__Activity__: Give every entry again, word for word.

__Recorded data__:
▼

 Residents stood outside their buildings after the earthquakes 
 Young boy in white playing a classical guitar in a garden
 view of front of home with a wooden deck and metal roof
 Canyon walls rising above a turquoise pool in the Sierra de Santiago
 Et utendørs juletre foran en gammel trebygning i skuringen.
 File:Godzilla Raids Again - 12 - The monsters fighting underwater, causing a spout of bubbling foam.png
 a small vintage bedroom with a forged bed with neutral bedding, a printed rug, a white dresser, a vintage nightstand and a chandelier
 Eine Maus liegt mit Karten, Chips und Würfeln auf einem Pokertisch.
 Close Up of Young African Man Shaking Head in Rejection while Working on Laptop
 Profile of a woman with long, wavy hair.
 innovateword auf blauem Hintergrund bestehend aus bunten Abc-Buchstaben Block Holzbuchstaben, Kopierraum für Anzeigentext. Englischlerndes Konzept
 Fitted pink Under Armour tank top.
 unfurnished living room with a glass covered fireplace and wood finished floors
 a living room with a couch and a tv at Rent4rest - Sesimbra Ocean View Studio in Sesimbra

▲

__Solved exercise__:
 Residents stood outside their buildings after the earthquakes 
 Young boy in white playing a classical guitar in a garden
 view of front of home with a wooden deck and metal roof
 Canyon walls rising above a turquoise pool in the Sierra de Santiago
 Et utendørs juletre foran en gammel trebygning i skuringen.
 File:Godzilla Raids Again - 12 - The monsters fighting underwater, causing a spout of bubbling foam.png
 a small vintage bedroom with a forged bed with neutral bedding, a printed rug, a white dresser, a vintage nightstand and a chandelier
 Eine Maus liegt mit Karten, Chips und Würfeln auf einem Pokertisch.
 Close Up of Young African Man Shaking Head in Rejection while Working on Laptop
 Profile of a woman with long, wavy hair.
 innovateword auf blauem Hintergrund bestehend aus bunten Abc-Buchstaben Block Holzbuchstaben, Kopierraum für Anzeigentext. Englischlerndes Konzept
 Fitted pink Under Armour tank top.
 unfurnished living room with a glass covered fireplace and wood finished floors
 a living room with a couch and a tv at Rent4rest - Sesimbra Ocean View Studio in Sesimbra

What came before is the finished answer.